Safe!

Saturday 14 April – Chesterfield 0 – 1 Gills

This was not exactly one for the purists, more the old school lunatic fringe, a 0-0 bore draw in the sunshine until injury time when for some reason Bentley decided to find time and space out on the right wing and swing over a delightfully measured cross for Andrew Crofts to head home. Still at this stage of the season points mean prizes and in our case, with Bradford playing Orient next week we made our selves mathematically safe. Perhaps not the greatest achievement of the Scally era, (don’t scoff!), but still nice to end any lingering deep dark fears of a midweek trip to Accrington Stanley that began to haunt the faithful after the Carlisle and Rotherham debacles.

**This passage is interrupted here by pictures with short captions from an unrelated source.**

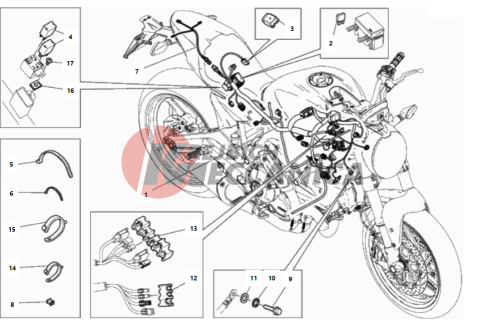 WIRING HARNESS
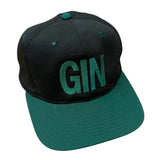 Vintage Gin Blossoms SnapBack Hat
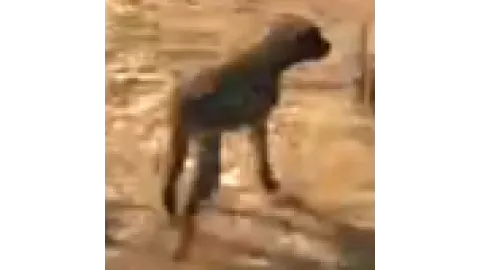 Animal-dog1MHD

The trip north was enlivened by the bemusement caused in our carriage of the Midland Mainline Express to the Sheffield-bound West Ham fans as I unveiled a cake in honour of the Gills going 365 days without keeping a clean sheet away from home in all competitions. “We’re on the hooligan express then” they chortled but before we’d arrived in Derbyshire they were sniffing round for any leftovers! Premier League? You’re having a laugh…

The cake might have been a bit wonky, the blue writing a tad squiffy, but “GFC” and “365” said it all on the zero-shaped cake. Having allowed the opposition to score in every darn fixture since our epic win at Southend back on Good Friday 2006 it was about time we kept them out – scoring ourselves and taking our tally of away wins to three would also be a pleasant reward for the near 500 Gills that made the trip. If you asked most of them why they bothered they’d have given you a simple answer, beer. Chesterfield is a superb venue for a day out supping pints and admiring the twisted spire and the classic market squares. On a gloriously sunny day mixing with Spireites some of us had known for nineteen years, the social side was well to the fore pre-match. In fact some wrecked fans failed to make the game and others left before the glorious denouement to quench their insatiable thirst… but they had a grand day out regardless – shades of the early 90’s I suppose, but then with an invariably useless team what are you to do?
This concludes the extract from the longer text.